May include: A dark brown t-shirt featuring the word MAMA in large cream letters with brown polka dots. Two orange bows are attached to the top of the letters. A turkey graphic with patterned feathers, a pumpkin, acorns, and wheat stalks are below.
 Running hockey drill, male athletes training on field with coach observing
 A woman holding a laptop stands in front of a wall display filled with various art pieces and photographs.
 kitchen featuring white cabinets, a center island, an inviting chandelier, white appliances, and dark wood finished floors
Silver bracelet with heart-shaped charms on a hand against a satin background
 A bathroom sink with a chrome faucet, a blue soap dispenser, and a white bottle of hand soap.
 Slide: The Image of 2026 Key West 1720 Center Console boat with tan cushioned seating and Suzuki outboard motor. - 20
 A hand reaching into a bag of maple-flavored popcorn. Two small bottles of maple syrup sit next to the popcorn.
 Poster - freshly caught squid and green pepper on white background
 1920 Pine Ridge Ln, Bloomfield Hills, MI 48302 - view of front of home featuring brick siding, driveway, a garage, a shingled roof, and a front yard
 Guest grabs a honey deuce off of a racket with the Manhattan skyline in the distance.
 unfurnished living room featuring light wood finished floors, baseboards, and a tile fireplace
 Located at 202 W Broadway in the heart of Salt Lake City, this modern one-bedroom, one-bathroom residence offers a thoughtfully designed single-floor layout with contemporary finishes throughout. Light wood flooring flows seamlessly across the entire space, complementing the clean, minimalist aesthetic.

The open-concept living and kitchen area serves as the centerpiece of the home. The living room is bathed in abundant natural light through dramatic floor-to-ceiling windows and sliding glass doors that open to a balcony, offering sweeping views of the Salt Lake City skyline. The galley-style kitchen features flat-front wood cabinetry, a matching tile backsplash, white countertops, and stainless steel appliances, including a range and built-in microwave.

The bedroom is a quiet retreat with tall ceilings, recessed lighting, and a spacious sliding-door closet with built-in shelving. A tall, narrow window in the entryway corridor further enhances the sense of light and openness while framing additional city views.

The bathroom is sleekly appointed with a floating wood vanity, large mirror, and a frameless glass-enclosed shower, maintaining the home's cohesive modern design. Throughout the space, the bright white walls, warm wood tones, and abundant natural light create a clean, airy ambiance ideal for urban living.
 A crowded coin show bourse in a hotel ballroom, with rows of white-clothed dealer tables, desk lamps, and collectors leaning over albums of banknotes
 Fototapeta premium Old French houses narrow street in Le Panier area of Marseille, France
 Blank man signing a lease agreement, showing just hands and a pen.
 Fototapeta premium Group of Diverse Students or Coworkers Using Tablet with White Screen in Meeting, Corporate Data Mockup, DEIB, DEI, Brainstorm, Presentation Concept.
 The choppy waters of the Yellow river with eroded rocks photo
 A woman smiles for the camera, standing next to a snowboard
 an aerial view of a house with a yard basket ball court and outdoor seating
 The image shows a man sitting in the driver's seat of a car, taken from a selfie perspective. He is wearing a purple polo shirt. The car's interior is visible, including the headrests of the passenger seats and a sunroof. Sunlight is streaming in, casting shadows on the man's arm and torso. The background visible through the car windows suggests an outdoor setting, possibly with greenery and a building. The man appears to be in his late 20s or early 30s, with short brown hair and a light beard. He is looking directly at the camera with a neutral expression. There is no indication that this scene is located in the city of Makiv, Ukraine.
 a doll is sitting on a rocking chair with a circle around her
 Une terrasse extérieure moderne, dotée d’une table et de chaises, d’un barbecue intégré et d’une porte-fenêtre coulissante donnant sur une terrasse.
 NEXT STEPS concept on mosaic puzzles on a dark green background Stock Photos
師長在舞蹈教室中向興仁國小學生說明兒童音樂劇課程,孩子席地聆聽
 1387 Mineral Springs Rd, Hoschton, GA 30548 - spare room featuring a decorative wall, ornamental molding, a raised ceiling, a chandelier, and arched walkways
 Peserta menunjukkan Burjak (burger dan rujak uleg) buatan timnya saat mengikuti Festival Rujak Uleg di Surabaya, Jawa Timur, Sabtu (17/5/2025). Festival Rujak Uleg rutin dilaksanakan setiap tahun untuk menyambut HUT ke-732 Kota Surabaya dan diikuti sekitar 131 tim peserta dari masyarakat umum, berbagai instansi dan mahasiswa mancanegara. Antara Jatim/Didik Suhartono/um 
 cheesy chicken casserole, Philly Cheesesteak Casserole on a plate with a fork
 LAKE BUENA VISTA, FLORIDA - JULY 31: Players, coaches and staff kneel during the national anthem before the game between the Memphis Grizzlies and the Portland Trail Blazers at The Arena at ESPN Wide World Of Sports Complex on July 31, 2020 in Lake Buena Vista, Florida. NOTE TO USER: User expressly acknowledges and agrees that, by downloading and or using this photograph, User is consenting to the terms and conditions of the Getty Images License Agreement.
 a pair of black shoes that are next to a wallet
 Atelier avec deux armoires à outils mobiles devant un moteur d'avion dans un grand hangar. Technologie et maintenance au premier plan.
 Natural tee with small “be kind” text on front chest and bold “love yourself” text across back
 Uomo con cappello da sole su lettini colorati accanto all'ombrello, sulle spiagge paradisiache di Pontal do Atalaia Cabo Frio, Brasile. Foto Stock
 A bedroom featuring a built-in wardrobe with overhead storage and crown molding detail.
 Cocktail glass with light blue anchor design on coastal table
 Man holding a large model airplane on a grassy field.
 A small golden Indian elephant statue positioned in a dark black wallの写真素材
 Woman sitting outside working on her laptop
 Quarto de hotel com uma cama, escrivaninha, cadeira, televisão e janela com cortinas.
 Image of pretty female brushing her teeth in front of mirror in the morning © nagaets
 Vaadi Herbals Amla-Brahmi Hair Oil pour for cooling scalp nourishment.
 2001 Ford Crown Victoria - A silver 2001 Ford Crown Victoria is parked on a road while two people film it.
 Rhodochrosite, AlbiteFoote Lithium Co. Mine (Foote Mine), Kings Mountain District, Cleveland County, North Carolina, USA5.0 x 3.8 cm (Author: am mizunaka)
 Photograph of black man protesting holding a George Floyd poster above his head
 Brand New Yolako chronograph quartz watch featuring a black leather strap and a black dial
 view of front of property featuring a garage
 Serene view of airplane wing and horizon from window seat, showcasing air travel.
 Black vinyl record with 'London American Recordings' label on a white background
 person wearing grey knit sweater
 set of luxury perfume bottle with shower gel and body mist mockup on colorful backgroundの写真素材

* * *

## TASK DESCRIPTION
Copy out the full listing above. Keep every word as it is.

## ANSWER SPACE
May include: A dark brown t-shirt featuring the word MAMA in large cream letters with brown polka dots. Two orange bows are attached to the top of the letters. A turkey graphic with patterned feathers, a pumpkin, acorns, and wheat stalks are below.
 Running hockey drill, male athletes training on field with coach observing
 A woman holding a laptop stands in front of a wall display filled with various art pieces and photographs.
 kitchen featuring white cabinets, a center island, an inviting chandelier, white appliances, and dark wood finished floors
Silver bracelet with heart-shaped charms on a hand against a satin background
 A bathroom sink with a chrome faucet, a blue soap dispenser, and a white bottle of hand soap.
 Slide: The Image of 2026 Key West 1720 Center Console boat with tan cushioned seating and Suzuki outboard motor. - 20
 A hand reaching into a bag of maple-flavored popcorn. Two small bottles of maple syrup sit next to the popcorn.
 Poster - freshly caught squid and green pepper on white background
 1920 Pine Ridge Ln, Bloomfield Hills, MI 48302 - view of front of home featuring brick siding, driveway, a garage, a shingled roof, and a front yard
 Guest grabs a honey deuce off of a racket with the Manhattan skyline in the distance.
 unfurnished living room featuring light wood finished floors, baseboards, and a tile fireplace
 Located at 202 W Broadway in the heart of Salt Lake City, this modern one-bedroom, one-bathroom residence offers a thoughtfully designed single-floor layout with contemporary finishes throughout. Light wood flooring flows seamlessly across the entire space, complementing the clean, minimalist aesthetic.

The open-concept living and kitchen area serves as the centerpiece of the home. The living room is bathed in abundant natural light through dramatic floor-to-ceiling windows and sliding glass doors that open to a balcony, offering sweeping views of the Salt Lake City skyline. The galley-style kitchen features flat-front wood cabinetry, a matching tile backsplash, white countertops, and stainless steel appliances, including a range and built-in microwave.

The bedroom is a quiet retreat with tall ceilings, recessed lighting, and a spacious sliding-door closet with built-in shelving. A tall, narrow window in the entryway corridor further enhances the sense of light and openness while framing additional city views.

The bathroom is sleekly appointed with a floating wood vanity, large mirror, and a frameless glass-enclosed shower, maintaining the home's cohesive modern design. Throughout the space, the bright white walls, warm wood tones, and abundant natural light create a clean, airy ambiance ideal for urban living.
 A crowded coin show bourse in a hotel ballroom, with rows of white-clothed dealer tables, desk lamps, and collectors leaning over albums of banknotes
 Fototapeta premium Old French houses narrow street in Le Panier area of Marseille, France
 Blank man signing a lease agreement, showing just hands and a pen.
 Fototapeta premium Group of Diverse Students or Coworkers Using Tablet with White Screen in Meeting, Corporate Data Mockup, DEIB, DEI, Brainstorm, Presentation Concept.
 The choppy waters of the Yellow river with eroded rocks photo
 A woman smiles for the camera, standing next to a snowboard
 an aerial view of a house with a yard basket ball court and outdoor seating
 The image shows a man sitting in the driver's seat of a car, taken from a selfie perspective. He is wearing a purple polo shirt. The car's interior is visible, including the headrests of the passenger seats and a sunroof. Sunlight is streaming in, casting shadows on the man's arm and torso. The background visible through the car windows suggests an outdoor setting, possibly with greenery and a building. The man appears to be in his late 20s or early 30s, with short brown hair and a light beard. He is looking directly at the camera with a neutral expression. There is no indication that this scene is located in the city of Makiv, Ukraine.
 a doll is sitting on a rocking chair with a circle around her
 Une terrasse extérieure moderne, dotée d’une table et de chaises, d’un barbecue intégré et d’une porte-fenêtre coulissante donnant sur une terrasse.
 NEXT STEPS concept on mosaic puzzles on a dark green background Stock Photos
師長在舞蹈教室中向興仁國小學生說明兒童音樂劇課程,孩子席地聆聽
 1387 Mineral Springs Rd, Hoschton, GA 30548 - spare room featuring a decorative wall, ornamental molding, a raised ceiling, a chandelier, and arched walkways
 Peserta menunjukkan Burjak (burger dan rujak uleg) buatan timnya saat mengikuti Festival Rujak Uleg di Surabaya, Jawa Timur, Sabtu (17/5/2025). Festival Rujak Uleg rutin dilaksanakan setiap tahun untuk menyambut HUT ke-732 Kota Surabaya dan diikuti sekitar 131 tim peserta dari masyarakat umum, berbagai instansi dan mahasiswa mancanegara. Antara Jatim/Didik Suhartono/um 
 cheesy chicken casserole, Philly Cheesesteak Casserole on a plate with a fork
 LAKE BUENA VISTA, FLORIDA - JULY 31: Players, coaches and staff kneel during the national anthem before the game between the Memphis Grizzlies and the Portland Trail Blazers at The Arena at ESPN Wide World Of Sports Complex on July 31, 2020 in Lake Buena Vista, Florida. NOTE TO USER: User expressly acknowledges and agrees that, by downloading and or using this photograph, User is consenting to the terms and conditions of the Getty Images License Agreement.
 a pair of black shoes that are next to a wallet
 Atelier avec deux armoires à outils mobiles devant un moteur d'avion dans un grand hangar. Technologie et maintenance au premier plan.
 Natural tee with small “be kind” text on front chest and bold “love yourself” text across back
 Uomo con cappello da sole su lettini colorati accanto all'ombrello, sulle spiagge paradisiache di Pontal do Atalaia Cabo Frio, Brasile. Foto Stock
 A bedroom featuring a built-in wardrobe with overhead storage and crown molding detail.
 Cocktail glass with light blue anchor design on coastal table
 Man holding a large model airplane on a grassy field.
 A small golden Indian elephant statue positioned in a dark black wallの写真素材
 Woman sitting outside working on her laptop
 Quarto de hotel com uma cama, escrivaninha, cadeira, televisão e janela com cortinas.
 Image of pretty female brushing her teeth in front of mirror in the morning © nagaets
 Vaadi Herbals Amla-Brahmi Hair Oil pour for cooling scalp nourishment.
 2001 Ford Crown Victoria - A silver 2001 Ford Crown Victoria is parked on a road while two people film it.
 Rhodochrosite, AlbiteFoote Lithium Co. Mine (Foote Mine), Kings Mountain District, Cleveland County, North Carolina, USA5.0 x 3.8 cm (Author: am mizunaka)
 Photograph of black man protesting holding a George Floyd poster above his head
 Brand New Yolako chronograph quartz watch featuring a black leather strap and a black dial
 view of front of property featuring a garage
 Serene view of airplane wing and horizon from window seat, showcasing air travel.
 Black vinyl record with 'London American Recordings' label on a white background
 person wearing grey knit sweater
 set of luxury perfume bottle with shower gel and body mist mockup on colorful backgroundの写真素材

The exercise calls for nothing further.